Saturday, November 16, 2024
HomeBig DataCarry out ETL operations utilizing Amazon Redshift RSQL

Carry out ETL operations utilizing Amazon Redshift RSQL

[ad_1]

Amazon Redshift is a quick, scalable, safe, and absolutely managed cloud knowledge warehouse that makes it easy and cost-effective to research all of your knowledge utilizing normal SQL and your current ETL (extract, rework, and cargo), enterprise intelligence (BI), and reporting instruments. Tens of 1000’s of shoppers use Amazon Redshift to course of exabytes of information per day and energy analytics workloads resembling BI, predictive analytics, and real-time streaming analytics.

There are numerous methods to work together with Amazon Redshift. You possibly can programmatically entry knowledge in your Amazon Redshift cluster by utilizing the Amazon Redshift Knowledge API, or you need to use a web-based interface resembling Amazon Redshift Question Editor V2 to creator SQL queries. You too can work together with Amazon Redshift in interactive or batch mode by way of Amazon Redshift RSQL.

Beforehand, you had to make use of the PostgreSQL psql command line instrument to work together with Amazon Redshift for easy use instances resembling importing and exporting knowledge to and from Amazon Redshift or submitting SQL in batch or interactive mode, or for superior use instances resembling performing ETL operations with out writing complicated ETL jobs.

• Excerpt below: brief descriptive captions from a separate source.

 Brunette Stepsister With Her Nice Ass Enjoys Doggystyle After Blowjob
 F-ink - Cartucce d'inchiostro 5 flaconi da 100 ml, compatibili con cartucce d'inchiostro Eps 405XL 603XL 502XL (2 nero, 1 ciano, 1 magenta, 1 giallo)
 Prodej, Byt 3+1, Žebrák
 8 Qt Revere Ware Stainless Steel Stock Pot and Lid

Now you need to use Amazon Redshift RSQL, a brand new command line instrument to connect with an Amazon Redshift cluster and carry out operations resembling describe database objects, question knowledge, view and export question leads to varied output file codecs, run scripts that embrace each SQL and sophisticated enterprise logic, carry out knowledge cleaning and transformation operations utilizing acquainted SQL, and write ETL and ELT scripts utilizing enhanced management circulation and superior error dealing with. Furthermore, if you happen to’re migrating from self-managed knowledge warehousing engines resembling Teradata to Amazon Redshift and utilizing Teradata BTEQ (Fundamental Teradata Question) scripting for knowledge automation, ETL or different duties can now migrate to Amazon Redshift RSQL.

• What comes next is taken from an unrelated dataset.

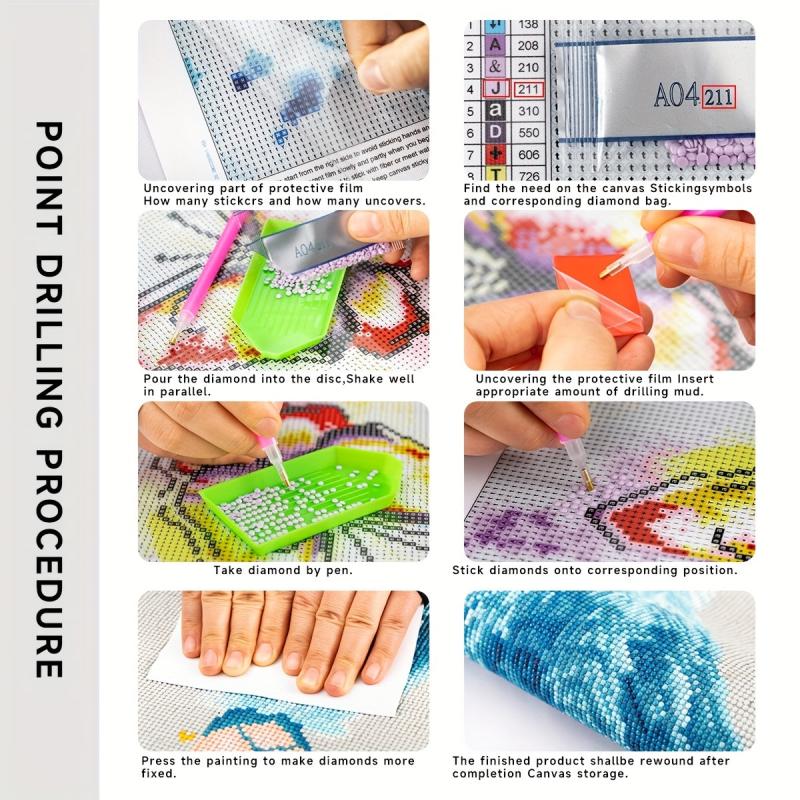 5D DIY Diamond Painting Kit Parrot Cross Stitch Arts 30x40cm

This put up explains find out how to use Amazon Redshift RSQL for ETL, knowledge cleaning and preparation, enhanced management circulation, and exception and error dealing with.

Resolution overview

Amazon Redshift RSQL permits you to connect with your Amazon Redshift cluster by way of a command line. It helps the capabilities of the PostgreSQL psql command line instrument with a further set of Amazon Redshift particular capabilities:

  • Describe properties or attributes of exterior tables in an AWS Glue catalog or Apache Hive metastore, exterior databases in Amazon RDS for PostgreSQL or Amazon Aurora PostgreSQL, and tables shared utilizing Amazon Redshift knowledge sharing
  • Use enhanced management circulation instructions resembling IF, ELSEIF, ELSE, ENDIF, GOTO, and LABEL
  • Use single sign-on (SSO) authentication utilizing ADFS, PingIdentity, Okta, Azure AD, or different SAML/JWT based mostly id suppliers (IdPs), in addition to use browser-based SAML IdPs with multi-factor authentication (MFA)

The next are some generally used instructions in Amazon Redshift RSQL. We use these instructions on this put up to show completely different attainable use instances utilizing Amazon Redshift RSQL scripts.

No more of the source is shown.